Alors comment Sarah, fille unique et abandonnée à la naissance, se retrouve avec au moins une demie-douzaine de sosies ? Qui est derrière tout ça ? En quoi sa fille est-elle si importante ?

Voilà la question.

Orphan Black se place dans la mouvance des séries paranoïaques policières. Quelqu’un qui n’a rien à faire là se retrouve au milieu d’un complot. Là, rien de nouveau.

Mais Orphan Black se distingue d’abord par une actrice, Tatiana Maslany, qui incarne douze personnalités différentes (certaines qui restent à l’écran une minute, d’autres qui n’apparaissent pas encore, mais quatre qui sont là à tous les épisodes) sans que jamais le spectateur n’arrive à les confondre. Y compris quand une personnalité prend la place d’une autre.

Cela fonctionne non seulement grâce au jeu de l’actrice, mais aussi par la caractérisation, quelque fois à outrance, de chaque personnalité. Physiquement d’abord : une frange, des nattes africaines, une couleur de cheveux, un maquillage différent. Mais aussi du point de vue du caractère et de la mise en scène.

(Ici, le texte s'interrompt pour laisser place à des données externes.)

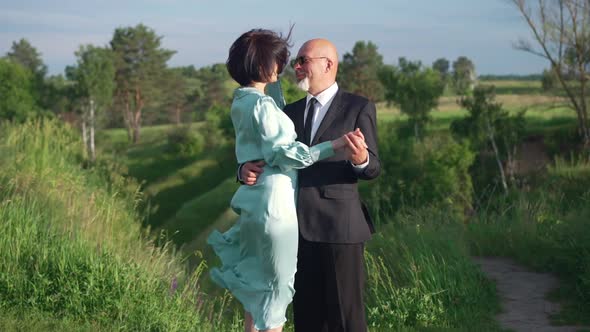 Side View Loving Couple Dancing in Sunshine in Spring Summer Park Outdoors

Ainsi, si Sarah reste, finalement, un personnage très « commun » des histoires policières (une fille indépendante et un peu paumée, au physique relativement passe partout), tout comme Beth (une policière indépendante et un peu paumée), les trois autres que nous rencontrons sont toujours à la limite de la caricature. Cosima est le personnage geek et hipster par excellence et circule quasi exclusivement (dans la saison 1) dans son laboratoire ; Alison est une femme au foyer dont la mise en place est si extrême qu’elle en devient le ressort comique de la série ; Helena est introduite par des procédés horrifiques qu’on a déjà vu passer et repasser de Se7en à American Horror Story.

Mais du coup, est-ce que ça marche ?

Eh bien, oui.

La série fonctionnant sur cette mise en scène caricaturale de ses personnages, sans jamais s’en excuser, elle permet non seulement à son actrice principale de faire de magnifiques interprétations, mais aussi de se concentrer sur son histoire, en dépassant la prouesse technique.

Et il s’agit là de l’autre point fort de la série : l’histoire est haletante. Si certains points fonctionnent sur des ficelles un peu vieillottes (le copain de Beth qui tombe sous le charme de Sarah), d’autres offrent une « nouveauté » rafraîchissante. La quête d’identité des personnages soulève des interrogations scientifiques (Cosima), maternelles (Sarah), existentielles (dans sa vie absolument parfaite, Alison est peut-être celle qui est la plus ébranlée), qui relèguent les problèmes de cœur non pas au second plan mais à un plan « utilitaire ». Les sentiments sont des outils de manipulation et les héroïnes qui y sont confrontées n’en sortent jamais « pauvres victimes femmes » ; quand ça fait mal, elles se vengent, et bien.

J’avoue que ça fait plaisir (c’est un peu sadique envers les personnages masculins qui pâtissent un peu de l’écriture de la série)

Dernière chose, les personnages joués par Tatiana Maslany ne sont pas les seuls intéressants d’Orphan Black. Car si les mâles sont perdants dans le jeu (à part peut-être le détective black Art), les femmes et Felix, le demi-frère gay de Sarah, font également quelques éclats.

Des séries où les mâles blancs sont pâlots sont légion, mais celles où ils le sont et où la part est laissées belles aux femmes et aux « minorités » (Art et Felix) doivent se compter sur les doigts d’une main.

C’est peut-être hypocrite d’aimer ça, et bien entendu on aimerait une série où tous les personnages sans exception sont bien traités, mais voilà, ça fait plaisir quand même.

Et Orphan Black, hors toute considération féministe, c’est vachement bien.